Dies ist nicht einfach, aber auch nicht unmöglich. Die Regierung muss sich an die Abmachungen halten und die Reintegration der Kämpfer ins zivile Leben schützen. Eine Begnadigung könnte den ehemaligen FARC-Guerilleros Sicherheit geben. Aber ihre Waffen müssen sie natürlich abgeben.
Wo sehen Sie die Schwierigkeiten?
Die Umsetzung muss möglichst bald beginnen, mit ausreichend finanziellen Mitteln. Sie sollte in den Händen der Communities bleiben, und diese müssen gut darauf vorbereitet werden. Das Vertrauen der Bevölkerung muss gewonnen werden. Es gibt jedoch verschiedene Hindernisse, zum Beispiel dass bald Wahlen auf uns zukommen, und generell ein hohes Maß an Korruption, patriarchale Verhältnisse, große soziale Ungleichheit und eine Wirtschaftskrise.

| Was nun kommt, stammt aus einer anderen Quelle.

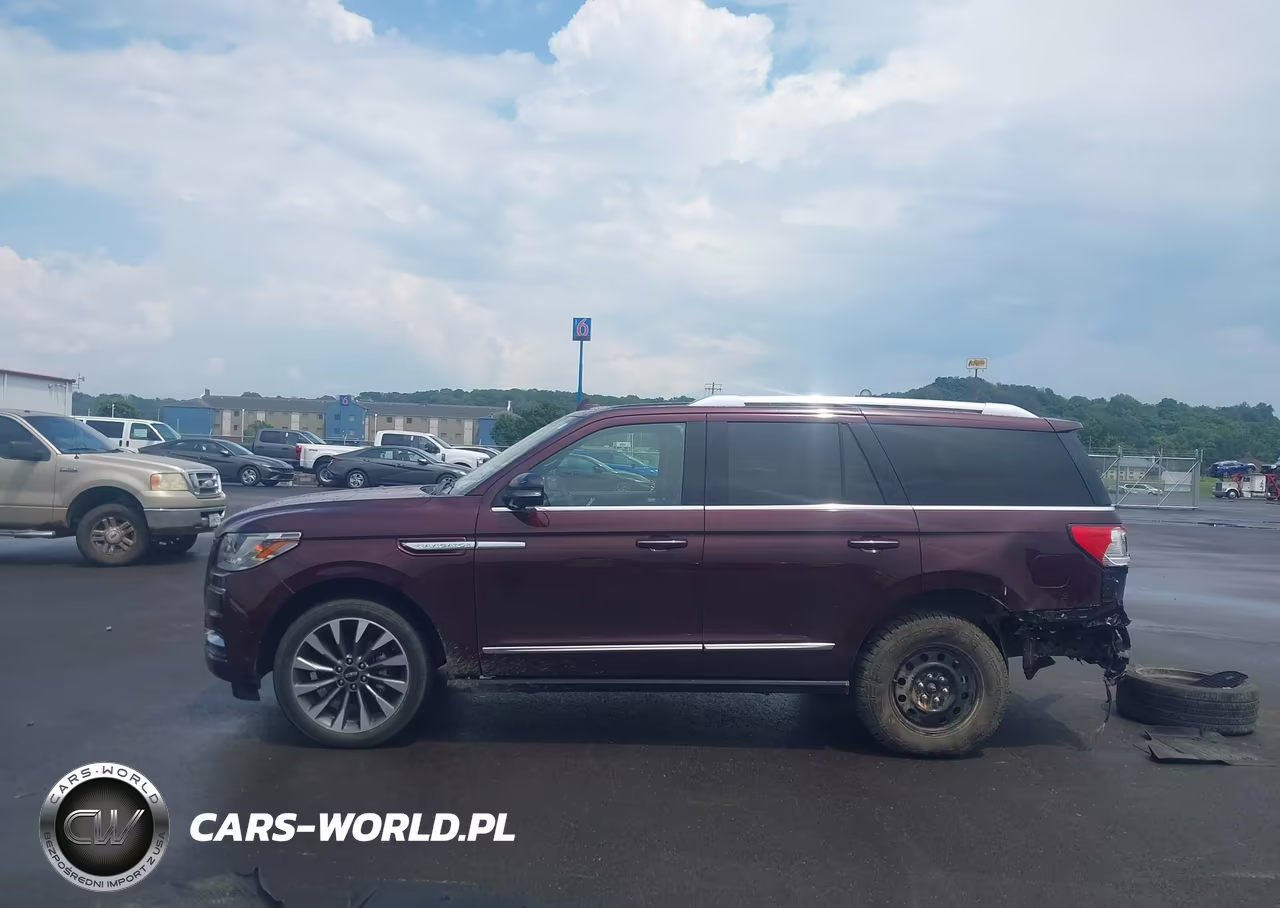 2021 Lincoln Navigator Reserve VIN:5LMJJ2LT3MEL17436 - 14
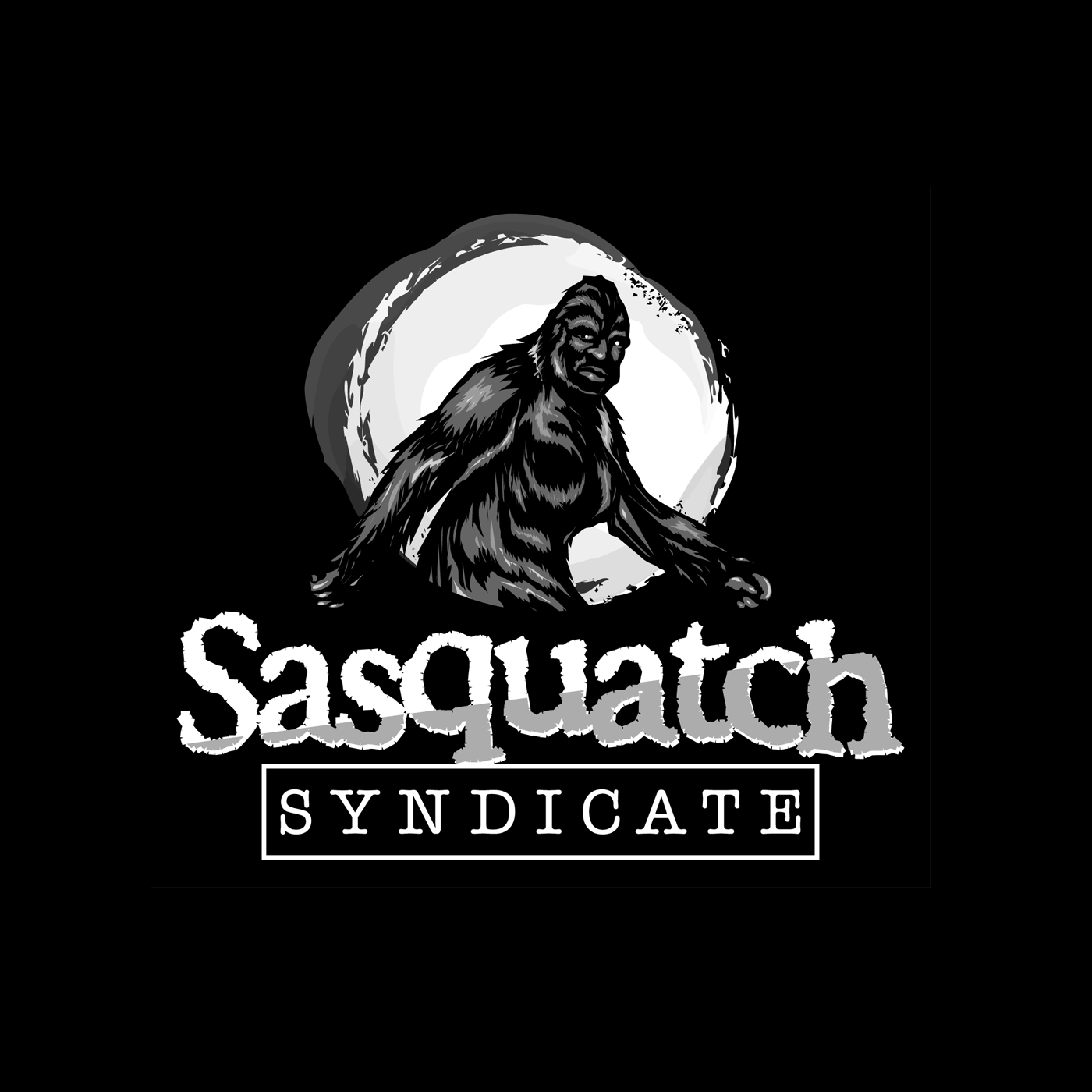 Sasquatch Logo - Sasquatch Syndicate Podcast. Free Listening on Podbean App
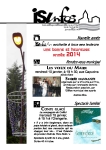 IsInfos janvier 2014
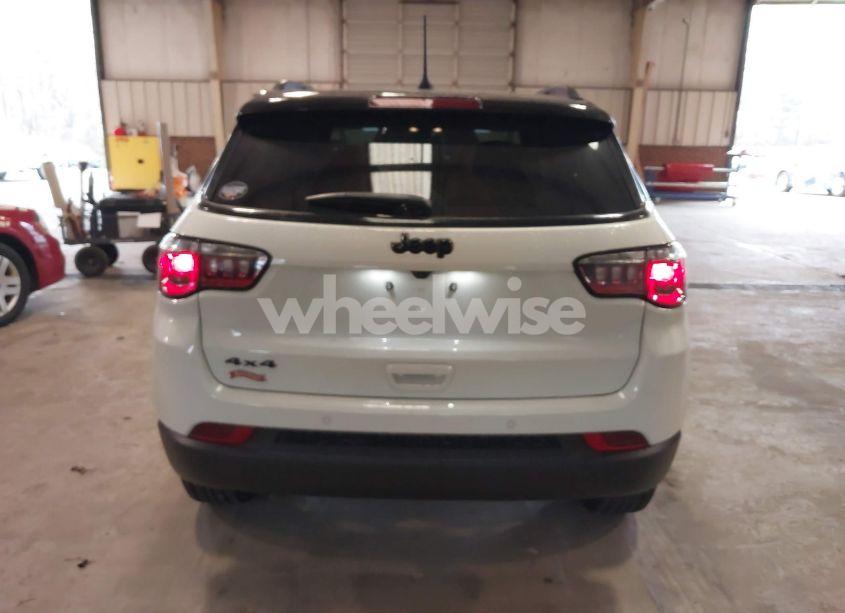 Photo 17 of 2023 Jeep Compass ALTITUDE 4X4 (VIN 3C4NJDBN6PT566194)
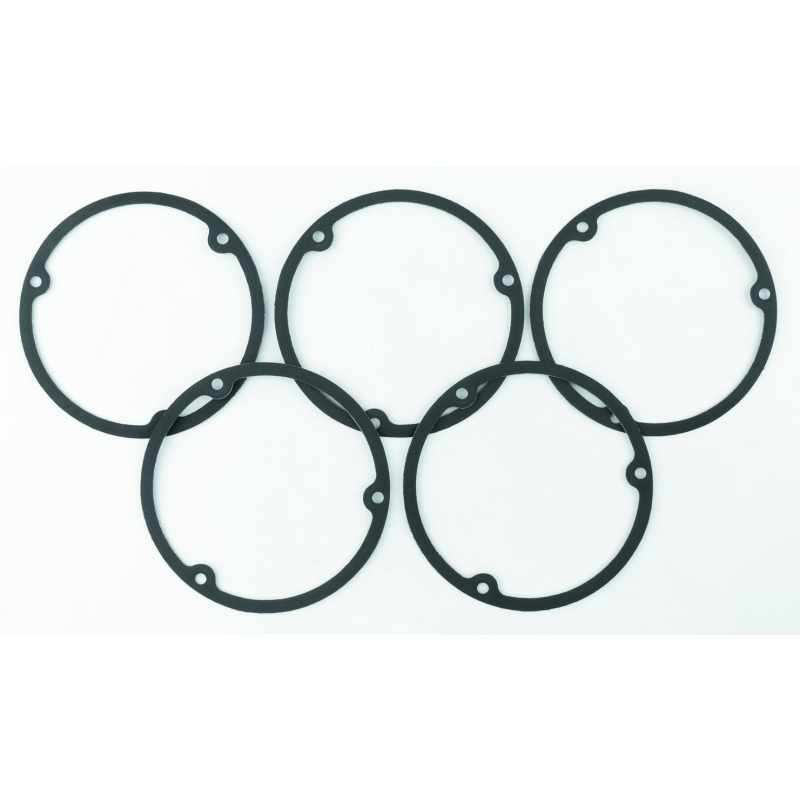 Twin Power 84-99 Big Twin Exc 99 Softail and Dyna models Derby Cover Gasket 5 Pk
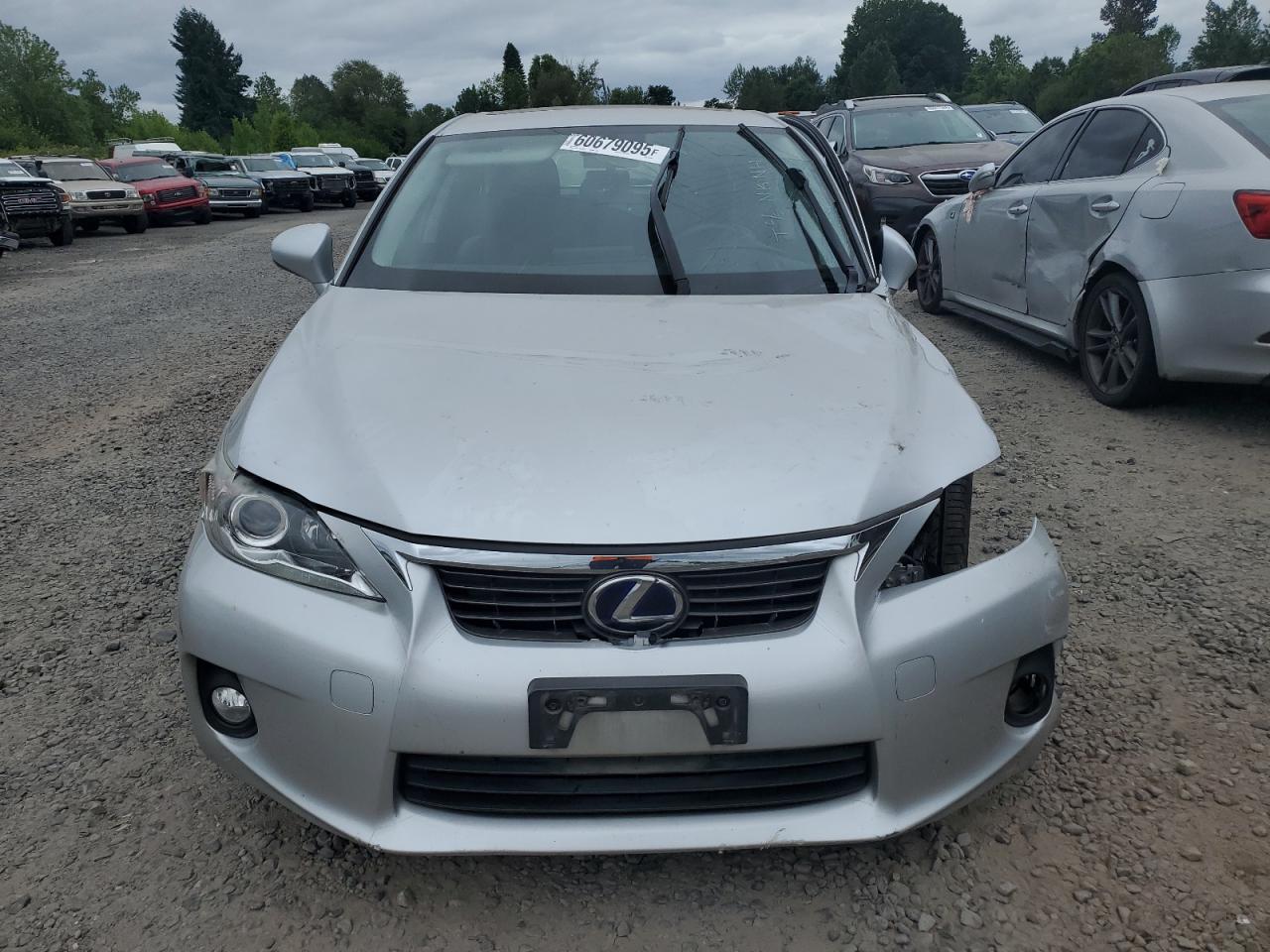LEXUS CT 200H 200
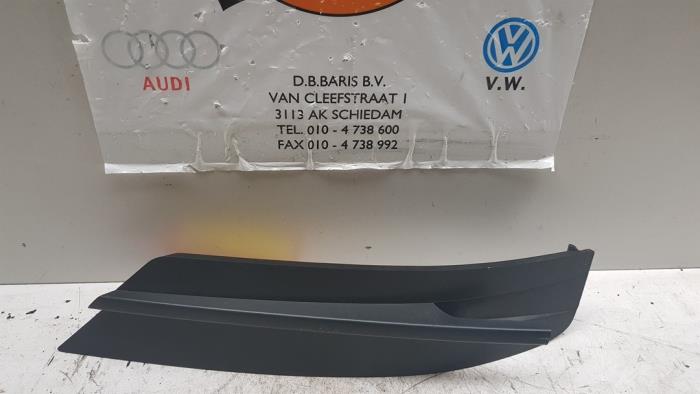 Stoßstangenrost van een Volkswagen Crafter (SY) 2.0 TDI 4Motion 2019
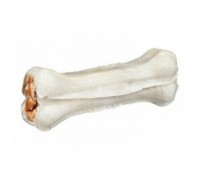 Кісточки з наповненням для собак TRIXIE - Denta Fun, 12 см, Вага: 2 шт..
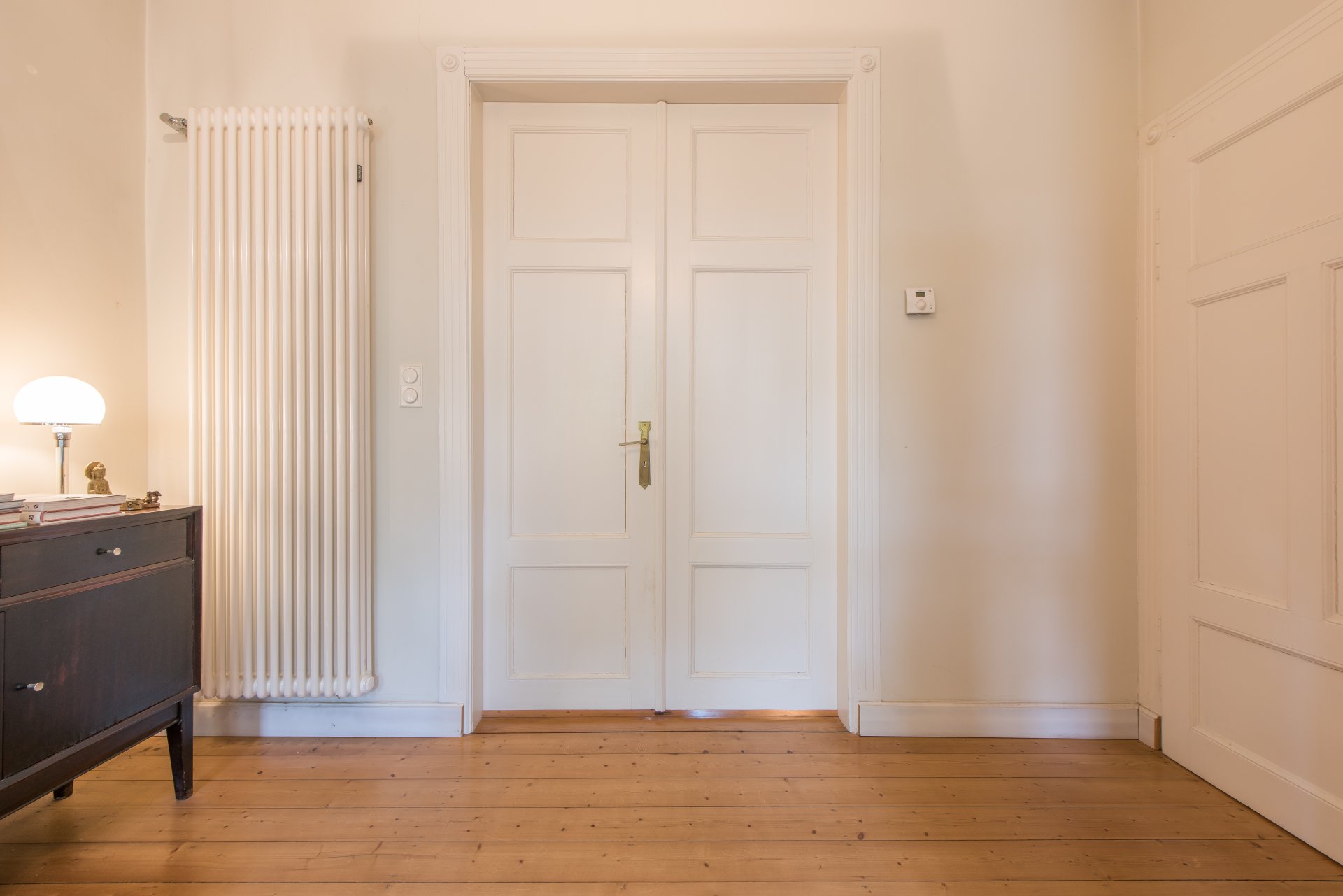 Doppelte Flügeltüren zum vereinzeln - ZU - Oliver Reifferscheid - Immobilienmakler Darmstadt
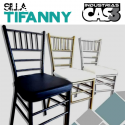 SILLA TIFFANY SIN COJÍN INDUSTRIAS CAS3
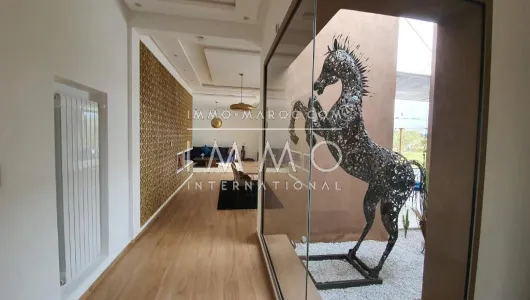 Location villa immobilier luxe à vendre marrakech Marrakech Extérieur Route Sidi Abdellah Ghiat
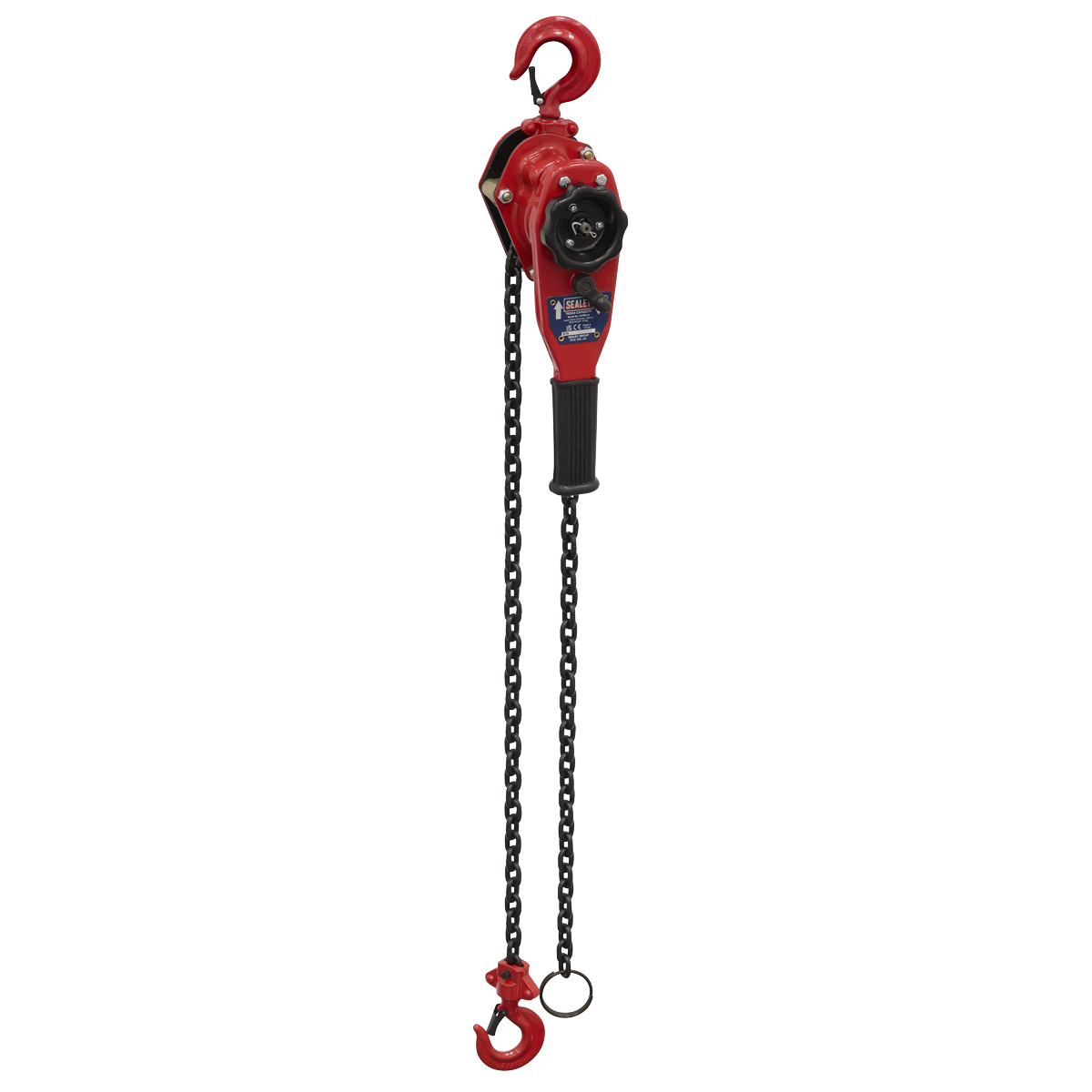 Lever Hoist Steel 750kg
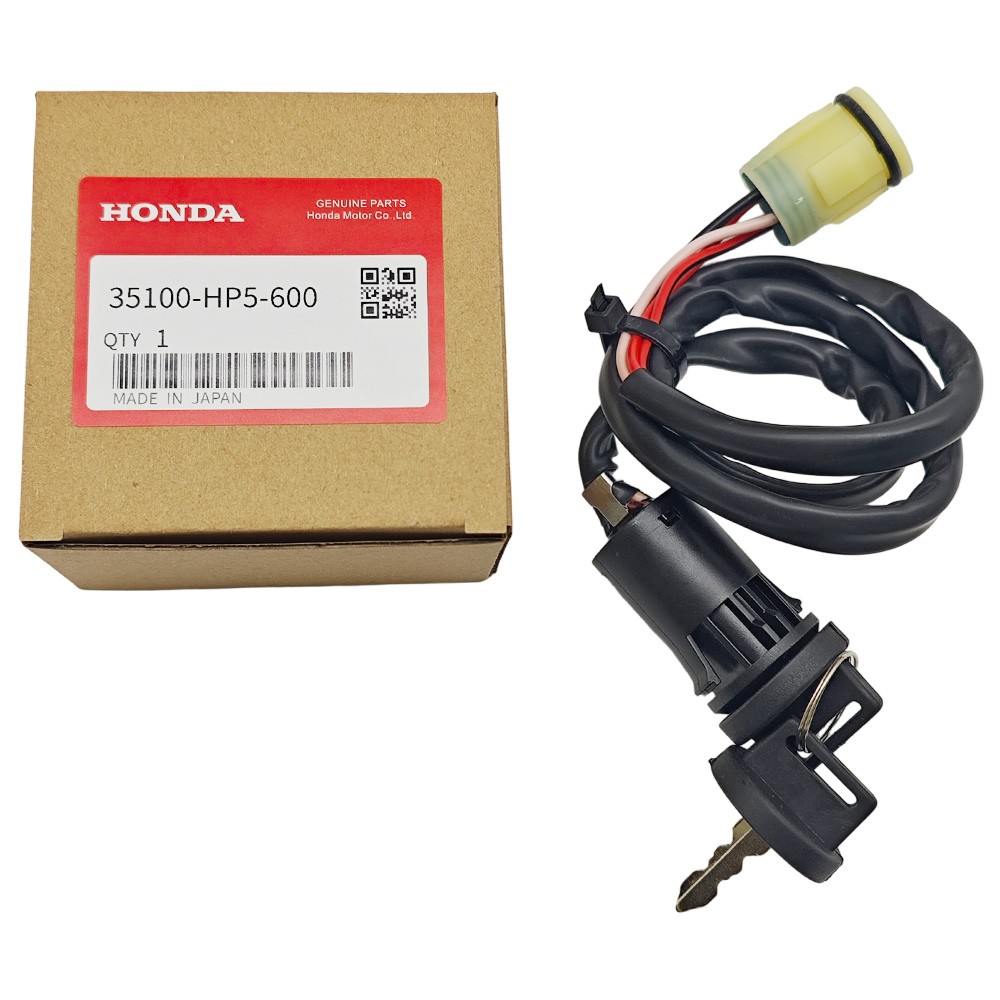 New Honda Ignition Key Switch 07-11 TRX420 Rancher 02-04 TRX450 Foreman OEM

Wie kann neues Vertrauen in den Staat und die Justiz hergestellt werden?
Es ist möglich, wenn der Staat wirklich mit den Communities zusammenarbeitet und gemeinsame Strategien für soziale Entwicklung plant. Bei der Umsetzung des Friedensprozesses muss die Bevölkerung informiert bleiben. Bezüglich der Justiz muss es einen Prozess der Übergangsjustiz geben sowie eine „Reinigung“ des Justizapparates.
Ist es möglich, sich in einem Dorf zu versöhnen, wo jeder weiß, wer wen getötet hat?
Ja, vorausgesetzt, dass ehrlich mit der Wahrheit umgegangen wird, dass es Gerechtigkeit gibt, Reparationen und die Garantie, dass dies nie wieder passiert. Wir benötigen Schulungen für Versöhnung und Aktionen der Erinnerung, damit nicht alles vergessen wird und Straflosigkeit regiert.
Was erwarten Sie persönlich vom Frieden?
Dass die Menschen wieder in Würde leben können und dass ich hier in meinem geliebten Heimatort ohne Angst wohnen kann – ich und alle anderen Frauen auch.
Ist dies das endgültige Ende des Krieges?
Man muss sich klarmachen, dass der Friedensvertrag nur den Übergang vom Krieg zum Frieden einläutet. Frieden ist eine kollektive Anstrengung, ein Recht und eine Pflicht für alle. Dafür werde ich weiter arbeiten.
Wie sieht die junge Generation die Zukunft?
Die jungen Leute sehen sich nicht als Zukunft, sondern betrachten sich als die Gegenwart des Landes. Sie fordern aktive Beteiligung am Friedensprozess. Die Studenten- und Jugendbewegungen sind diesbezüglich sehr aktiv. Im Dezember 2016 fand ein nationales Treffen in der Stadt Medellín statt, wo eine Jugendagenda für den Frieden in Kolumbien ausgearbeitet wurde. Meine Tochter, die inzwischen Studentin ist, nahm auch daran teil. Das hat mich sehr gefreut!
Amanda Lucía Camilo Ibarra ist Koordinatorin der zivilgesellschaftlichen Friedensorganisation “Ruta Pacífica Putumayo”. Sie lebt in Puerto Caicedo, Putumayo, Kolumbien.